Rejoice in the Lord always; again I will say, Rejoice. Let your reasonableness be known to everyone. The Lord is at hand; do not be anxious about anything, but in everything by prayer and supplication with thanksgiving let your requests be made known to God. And the peace of God, which surpasses all understanding, will guard your hearts and your minds in Christ Jesus. – Philippians 4:4-7

Very truly I tell you, whoever believes in me will do the works I have been doing, and they will do even greater things than these, because I am going to the Father. – John 14:12

Greater things than Jesus? One cannot do greater things than Jesus and still live in fear.

But this is the kind of life God intended me to live.

Lord, please forgive me for my fear. I know this is not from you and I desire to be released from it. I don’t wish myself or my children to be enslaved by it any longer. Please continue to show me my fear, and help us break this generational chain. May we rise into your glory and show our future generations the kind of life you intend for us to live. Ones that bring you praise. Ones that reflect your Son. Ones that reveal your love. May that be the generational chain that we pass on. In your Son’s name, Amen.

End of Year Expectations

I have struggled with expectations I have put on my kids and their education, their entire lives.

I was a child who never earned straight A’s, but I strive for them like nobody’s business. I graduated at the top 10% of my class, and I received a scholarship to a community college.

Don’t be too impressed. I lost it after my first year and my friends were in the top five and received scholarships and acceptance letters to universities.

Not doing homework, was unheard of. The amount of stress I put on myself led to migraines and breakdowns. Getting good grades was what defined me.

So, to have children who constantly do not turn in their homework, routinely bring home C’s and lower and just do the bare minimum to pass a class, has just about driven me over the edge. I have been disappointed and heartbroken time and time again.

However, things are changing. I have changed. Instead of comparing my children to me and what I was capable of as a child, I am learning to accept them for who they are and what they are truly capable of doing. I am no longer allowing their success or failure define who I am.

We may not have had any kiddos who have received any scholarships, acceptance letters into their favorite University or even applied for community college, this year.

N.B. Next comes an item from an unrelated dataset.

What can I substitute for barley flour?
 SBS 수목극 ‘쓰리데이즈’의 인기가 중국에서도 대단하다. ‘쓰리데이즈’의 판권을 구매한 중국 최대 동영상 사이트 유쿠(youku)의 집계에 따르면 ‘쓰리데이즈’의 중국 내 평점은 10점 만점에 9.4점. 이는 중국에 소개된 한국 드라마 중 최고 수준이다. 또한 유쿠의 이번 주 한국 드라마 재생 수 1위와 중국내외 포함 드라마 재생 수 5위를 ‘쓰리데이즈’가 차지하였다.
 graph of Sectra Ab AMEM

We don’t have anyone with straight A’s or perfect attendance.

But we do have…

A kiddo who stuck it out and graduated, after losing his privilege to live in our house, two months before the end of school. He may not be going college anywhere right yet, but he’s working and paying rent somewhere and has bought his own form of transportation; as unconventional as it may be. It’s his and he’s the one who purchased it!

We have a kiddo, after struggling with his grades all year, and especially his last semester; who looks like he was able to pull a minimum grade up at the very end to avoid summer school!

We have a kiddo who after years of being suspended once a year, has managed to not only keep his nose out of the front office for the whole year, but has also avoided D’s and F’s, for the first time since third grade. And is coming off his IEP in time for him to start high school!

We have a kiddo who has transferred schools last year. Not once this year has he been sent home for fighting, crying or leaving his classroom or campus. He also has not been a target for any bullying and the kicker…made Honor Roll for the first time ever, this last quarter!

Oh I’m not done!

We have a kiddo who struggled all year with D’s and F’s. We were concerned he wasn’t going to pass the fifth grade. Even being grounded from the Internet and video games for over half the school year, didn’t seem to be helping. Although, his last quarter grades may not have been all A’s and B’s, he still got all his F’s up to passing and will be entering the sixth grade next year!

Finally, we have a kiddo who may have never have struggled with any of her grades, ever. But has proven herself once again just how versatile and capable she really is. Last year she transferred schools with her brother to a much smaller classroom. I was actually concerned it would hurt her socially, however she made new friends, both inside and outside her class and has still made Honor Roll three out of the four quarters!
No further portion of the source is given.